I clapped and yelled bravo, while admiring the main character having achieved his ultimate success in business and winning the affection from the love of his life. It’s one of those happy-ending movies where you can pretty much guess how the plot will unfold. Nonetheless it’s a well-directed and well cast non-fiction movie that tells a great story. Towards the end of the movie, I can’t help to cheer him on; by the end, I find myself marveling at his accomplishments, willing to kiss the grounds he walked and having the urge to place him on the pedestal for worship.

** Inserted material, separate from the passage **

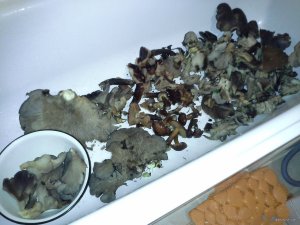 20171119_185039.jpg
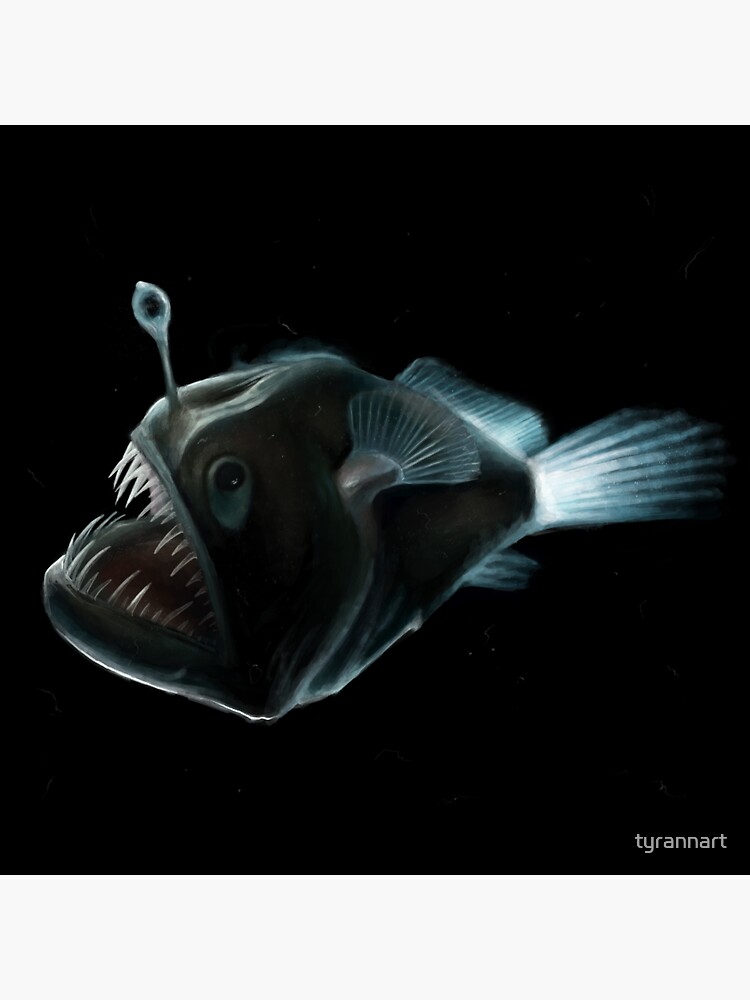 Blobfish - Deepsea Oddities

Then, suddenly, I realized – my desire has turned into admiration. You see, normally after such a movie, I would desire to be that overachiever in the movie…it is like an inspiration for me, or at least it used to be. Instead of having that drive and the thirst of yearning, I sat back and gaze as if I am a teenage staring at his/her first crush from a distance. The desire to want, to achieve and to take action are not what I was feeling. It seems, to certain extent, I have doubt in myself – I lost hope/confident in my ability to succeed in similar manner. The moment felt like a bucket of cold ice water has poured over me!
There is nothing wrong admiration. However, admiration without desire is like an aspiration without hope or a chance…if that makes any sense. My epiphany, and what I am trying to say is, let’s keep that desire fire burn and fuel it with actionable goals, then perhaps one day, we can admire and appreciate others’ successes from the eyes of an equal, instead of an underling.